Exercise prompt. Set every entry down again precisely.

Top of Exercise input

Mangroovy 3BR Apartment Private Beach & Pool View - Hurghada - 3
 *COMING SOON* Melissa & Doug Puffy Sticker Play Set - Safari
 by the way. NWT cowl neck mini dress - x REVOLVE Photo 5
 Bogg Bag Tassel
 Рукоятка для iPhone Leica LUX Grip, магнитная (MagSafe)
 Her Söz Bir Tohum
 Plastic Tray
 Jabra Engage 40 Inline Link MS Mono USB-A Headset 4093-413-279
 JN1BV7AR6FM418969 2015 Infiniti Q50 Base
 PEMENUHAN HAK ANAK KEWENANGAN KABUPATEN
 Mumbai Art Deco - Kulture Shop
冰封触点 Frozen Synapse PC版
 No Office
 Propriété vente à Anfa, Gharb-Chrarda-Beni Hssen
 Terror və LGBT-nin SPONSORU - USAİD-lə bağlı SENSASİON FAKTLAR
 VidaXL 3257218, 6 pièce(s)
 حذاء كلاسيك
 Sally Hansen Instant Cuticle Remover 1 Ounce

Bottom of Exercise input

Finished exercise.
Mangroovy 3BR Apartment Private Beach & Pool View - Hurghada - 3
 *COMING SOON* Melissa & Doug Puffy Sticker Play Set - Safari
 by the way. NWT cowl neck mini dress - x REVOLVE Photo 5
 Bogg Bag Tassel
 Рукоятка для iPhone Leica LUX Grip, магнитная (MagSafe)
 Her Söz Bir Tohum
 Plastic Tray
 Jabra Engage 40 Inline Link MS Mono USB-A Headset 4093-413-279
 JN1BV7AR6FM418969 2015 Infiniti Q50 Base
 PEMENUHAN HAK ANAK KEWENANGAN KABUPATEN
 Mumbai Art Deco - Kulture Shop
冰封触点 Frozen Synapse PC版
 No Office
 Propriété vente à Anfa, Gharb-Chrarda-Beni Hssen
 Terror və LGBT-nin SPONSORU - USAİD-lə bağlı SENSASİON FAKTLAR
 VidaXL 3257218, 6 pièce(s)
 حذاء كلاسيك
 Sally Hansen Instant Cuticle Remover 1 Ounce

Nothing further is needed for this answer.